We explore time-varying networks for high-dimensional locally stationary time series, using the large VAR model framework with both the transition and (error) precision matrices evolving smoothly over time. Two types of time-varying graphs are investigated: one containing directed edges of Granger causality linkages, and the other containing undirected edges of partial correlation linkages. Under the sparse structural assumption, we propose a penalised local linear method with time-varying weighted group LASSO to jointly estimate the transition matrices and identify their significant entries, and a time-varying CLIME method to estimate the precision matrices. The estimated transition and precision matrices are then used to determine the time-varying network structures. Under some mild conditions, we derive the theoretical properties of the proposed estimates including the consistency and oracle properties. In addition, we extend the methodology and theory to cover highly-correlated large-scale time series, for which the sparsity assumption becomes invalid and we allow for common factors before estimating the factor-adjusted time-varying networks. We provide extensive simulation studies and an empirical application to a large U.S. macroeconomic dataset to illustrate the finite-sample performance of our methods.

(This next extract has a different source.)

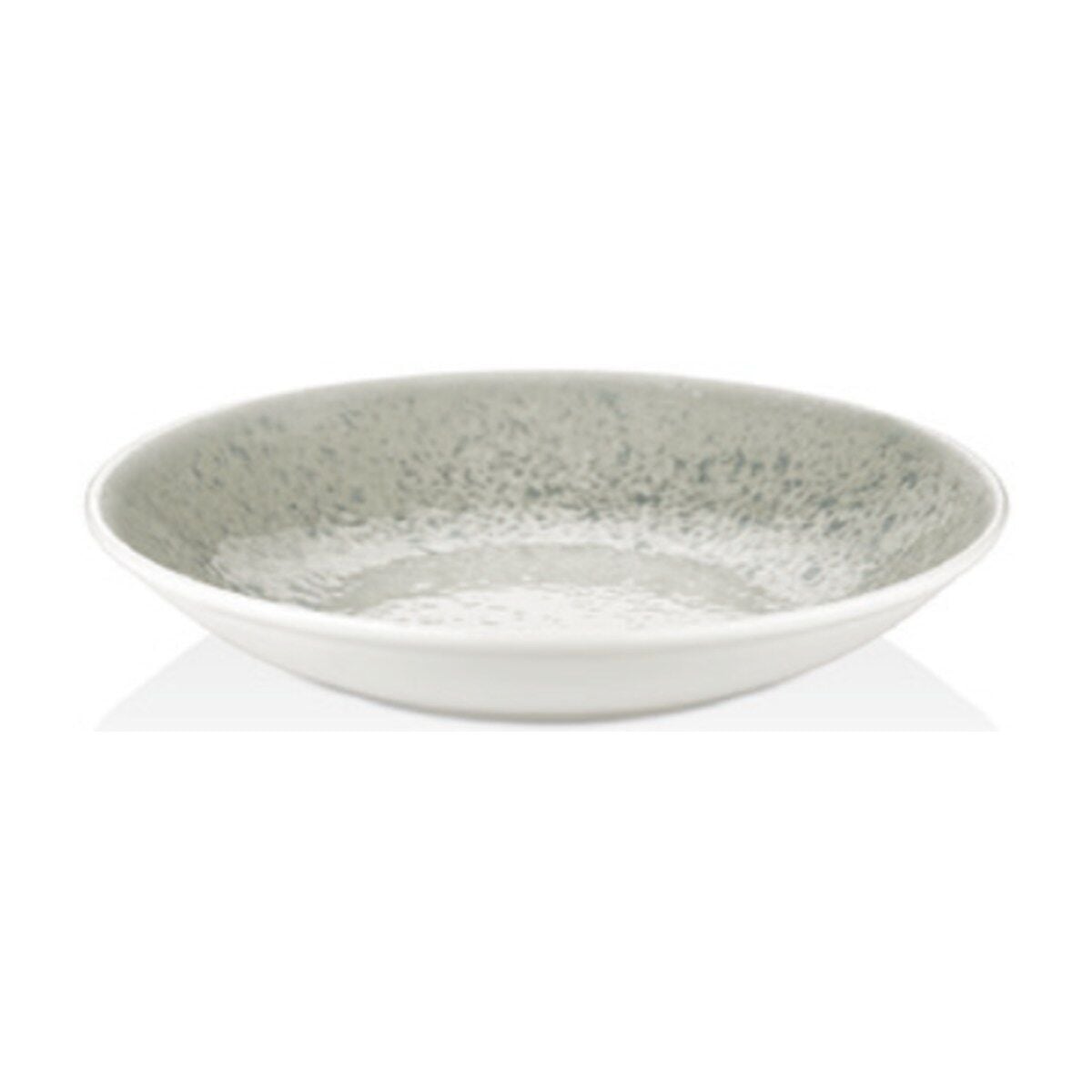Natura Ocean Flavor Çukur Tabak 21 Cm 800 CC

翻译：我们在大规模VAR模型框架下研究高维局部平稳时间序列的时变网络，其中转移矩阵和（误差）精度矩阵随时间平滑演化。本文探讨了两类时变图：一类包含格兰杰因果关系的边，另一类包含偏相关系数的边。在稀疏结构假设下，我们提出了一种带时变加权组LASSO的惩罚局部线性方法，用于联合估计转移矩阵并识别其显著条目，以及一种时变CLIME方法来估计精度矩阵。利用估计得到的转移矩阵和精度矩阵，我们进一步确定时变网络结构。在温和条件下，我们推导了所提估计量的理论性质，包括一致性和Oracle性质。此外，我们将方法和理论扩展到高相关大规模时间序列场景——此时稀疏假设不再成立，我们允许在估计因子调整后的时变网络前引入公共因子。我们通过大量模拟研究以及美国宏观经济数据集的应用实例，验证了所提方法的有限样本性能。